Es sei ein unglaubliches Glück, in der „Friedens- und Freiheitsunion“ der EU zu leben, sagte Bundesaußenministerin Annalena Baerbock (Grüne) in ihrer Rede. Jeder, der in Europa lebe, spüre das.
Bei der anstehenden Wahl gehe es nun darum, wie sich Europa entwickle, betonte Parteichefin Lang. Zugleich warnte sie vor einem Rechtsruck: Lösungen müssten gewinnen – „nicht Angst und Hass“.
In vielen europäischen Ländern stünden Rechtsextreme in den Umfragen stark da, sagte die Grüne-Spitzenkandidatin für die Europawahl, Terry Reintke. Doch „sie wollen die EU kaputt machen“. Die Europawahl sei deshalb „eine Richtungswahl“ – bleibe es bei einem Europa des Friedens und der Freiheit oder gebe es ein Zurückfallen in den Nationalismus.
Bei der Wahl stehe zudem das Klimapaket der EU, der „Green Deal“ auf dem Spiel, betonte Reintke. Es gehe darum, ob dieser rückabgewickelt oder vorangetrieben werde.

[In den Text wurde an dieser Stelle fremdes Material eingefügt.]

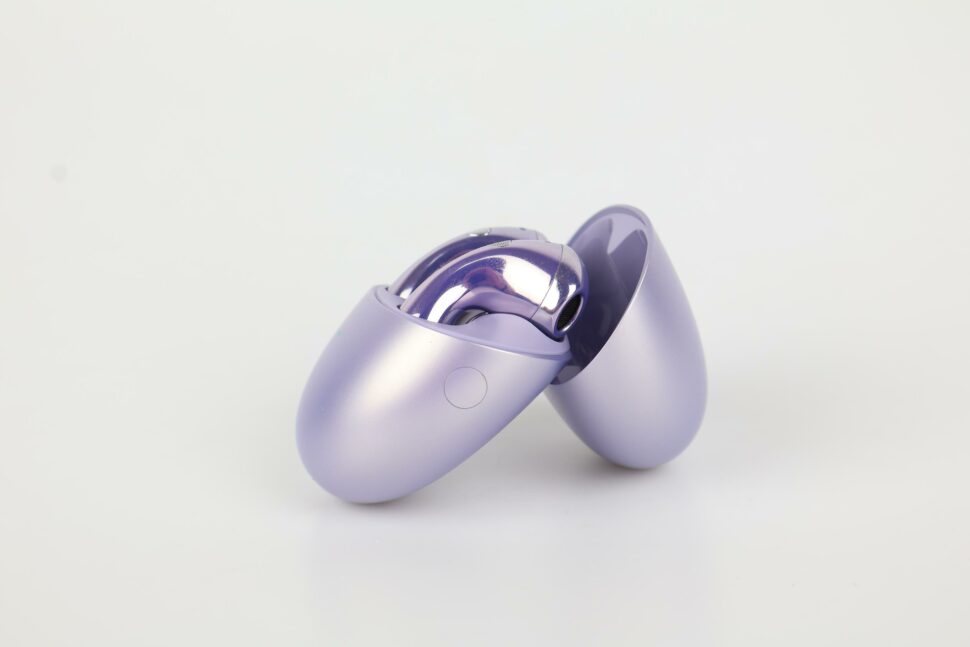 Huawei FreeBuds 6 Pairing Button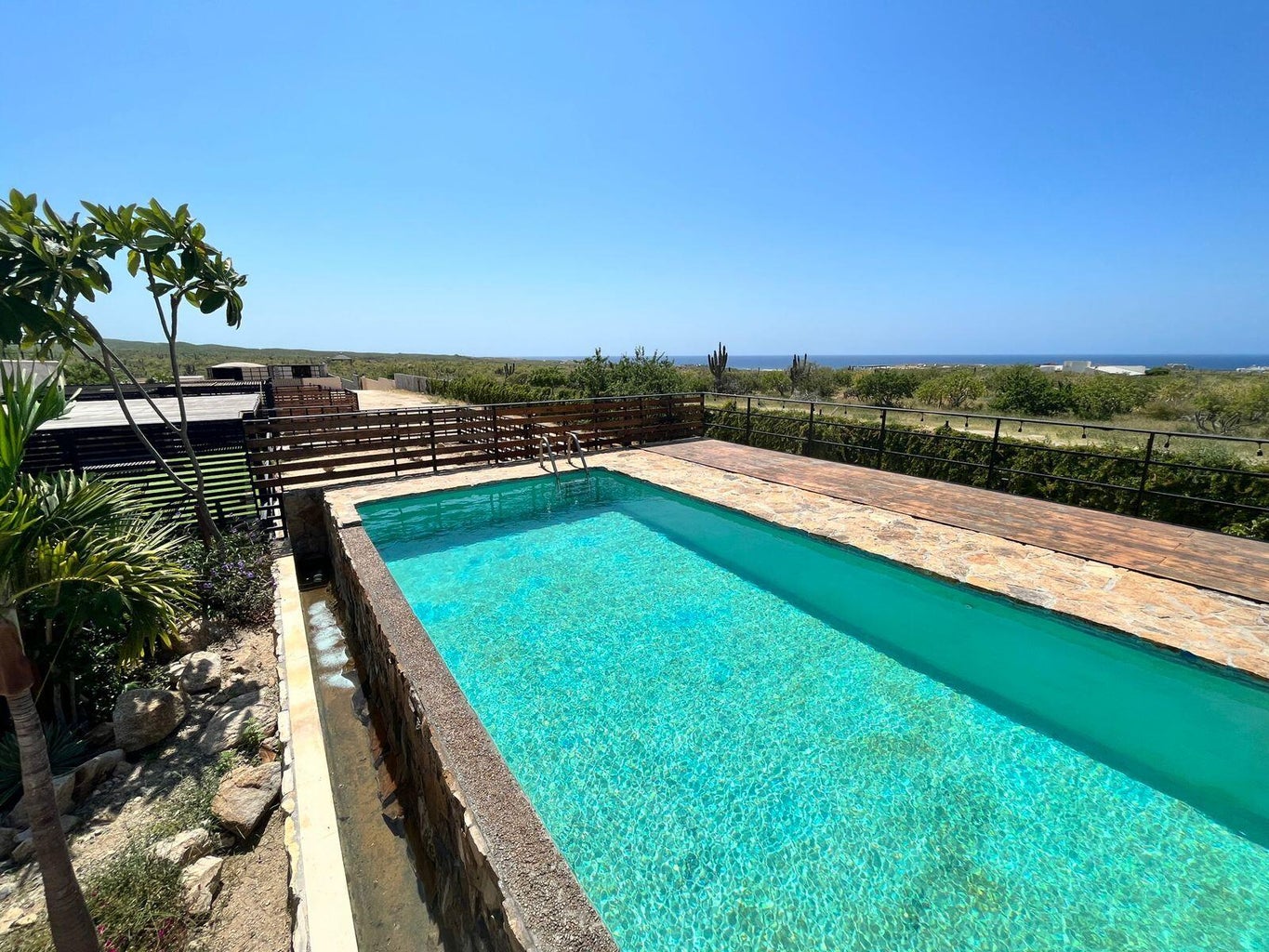 12-Bedroom House in Migrino-Gen, Pacific, photo 5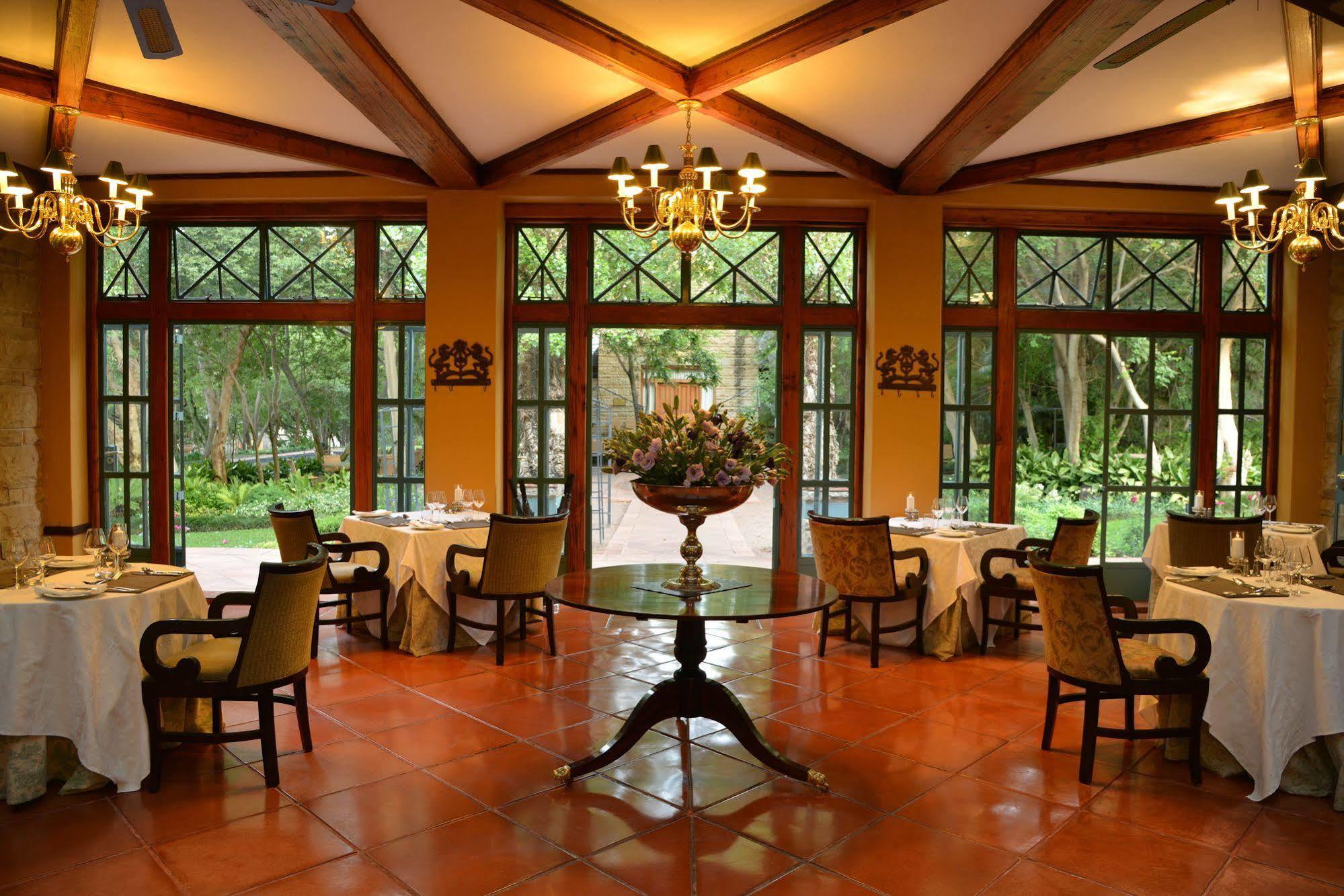 De Hoek Country Hotel Magaliesburg Buitenkant foto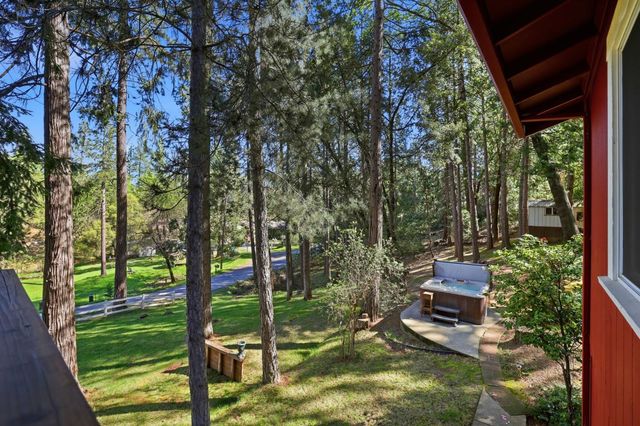 3000 Pleasant Oak Rd, Placerville, CA 95667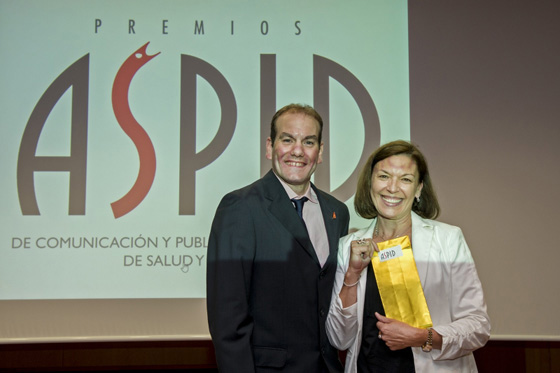 Roger Antich, de PMFarma, y la ganadora del sorteo de una tarjeta regalo por valor de 500, Lourdes de Pablo, CEO de Ogilvy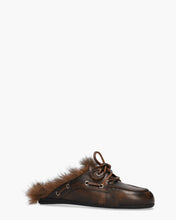 Charger l'image dans la galerie, POSA Boat Loafer Mule Hairfy Fur - Burgundy

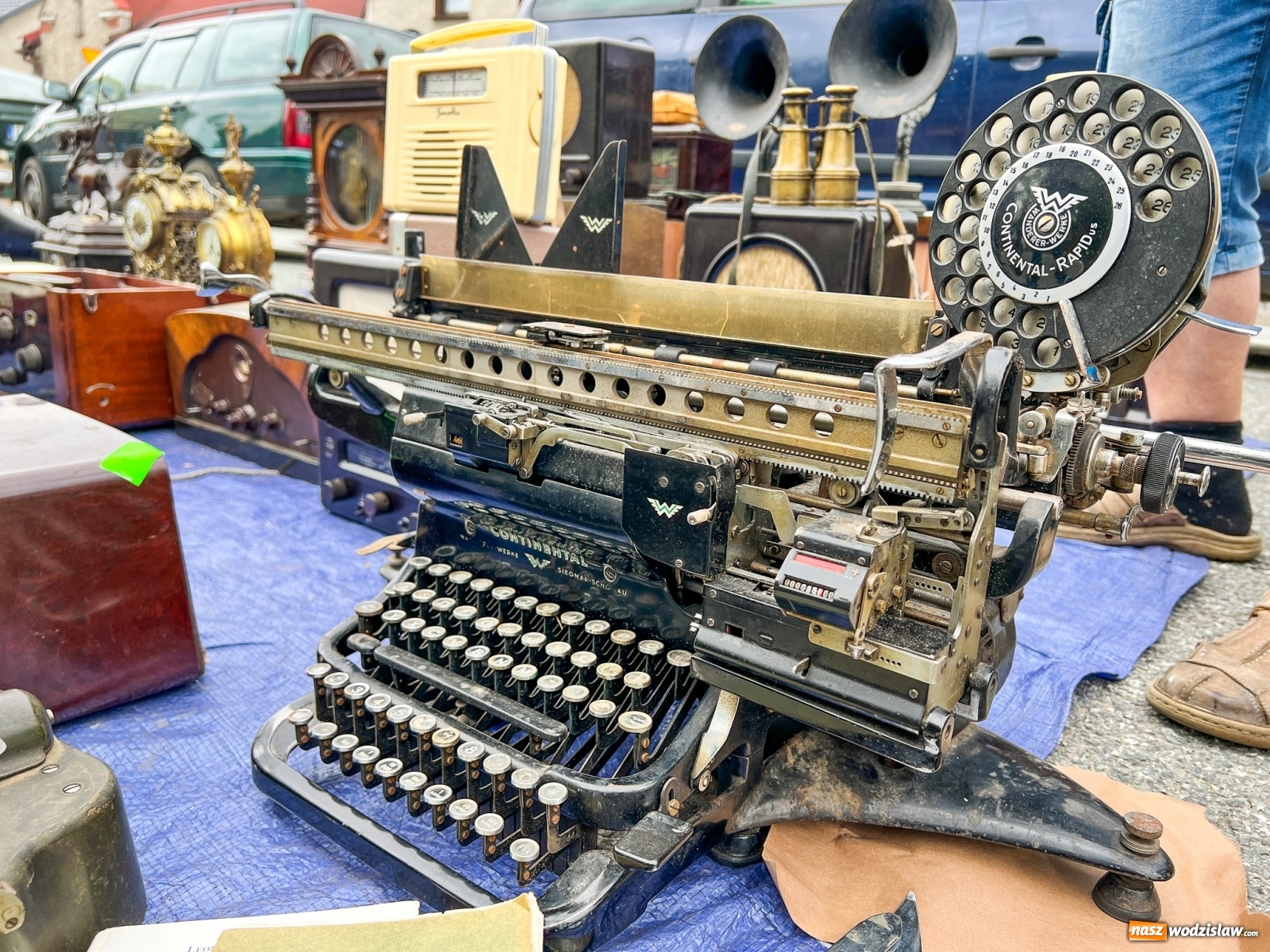 Zdjęcie w galerii na portalu naszwodzislaw.com: Ruszył wielki jarmark na granicy. Przyjechał bohater programu Łowcy skarbów wiadomości z regionu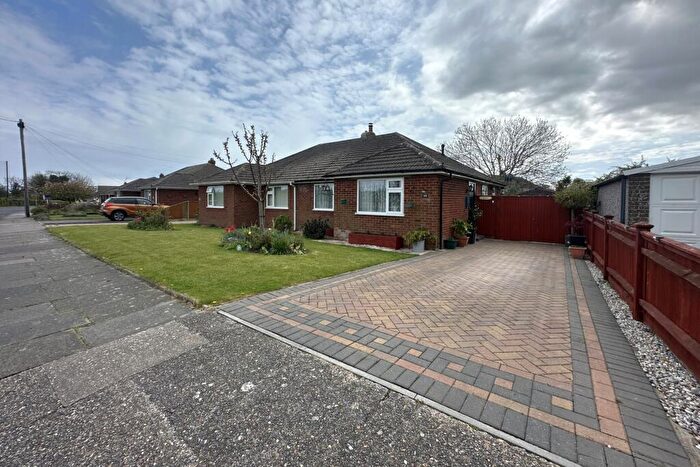 2 Bedroom Bungalow For Sale In Church Street, Walmer, CT14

Sowohl Reintke als auch Lang schlossen auf dem kleinen Parteitag eine Zusammenarbeit der Grünen mit Rechtsextremen im nächsten europäischen Parlament aus. Lang forderte auch EU-Kommissionspräsidentin Ursula von der Leyen dazu auf.
Grünen-Wirtschaftsminister Robert Habeck übte in seiner Rede scharfe Kritik an der Union. Diese stehe für „einen energiepolitischen Blindflug“, denn sie versuche, den Ausbau der erneuerbaren Energie kaputt zu machen. Die Union sei „energiepolitisch eine Geisterfahrer-Partei“ und dürfe nie wieder Verantwortung übernehmen. Der Vizekanzler betonte: „Die Klimakrise, die globale Erderwärmung ist konkret – sie trifft die Menschen schon jetzt.“
Zu dem sogenannten Länderrat in Potsdam waren knapp hundert Delegierte aus den verschiedenen Landesverbänden der Partei angemeldet.
Den Grünen drohen bei der Europawahl am 9. Juni große Verluste. In den letzten Umfragen werden sie bei 14 bis 15 Prozent gesehen. Bei der Wahl vor fünf Jahren hatten sie noch ein Rekordergebnis von 20,5 Prozent geholt.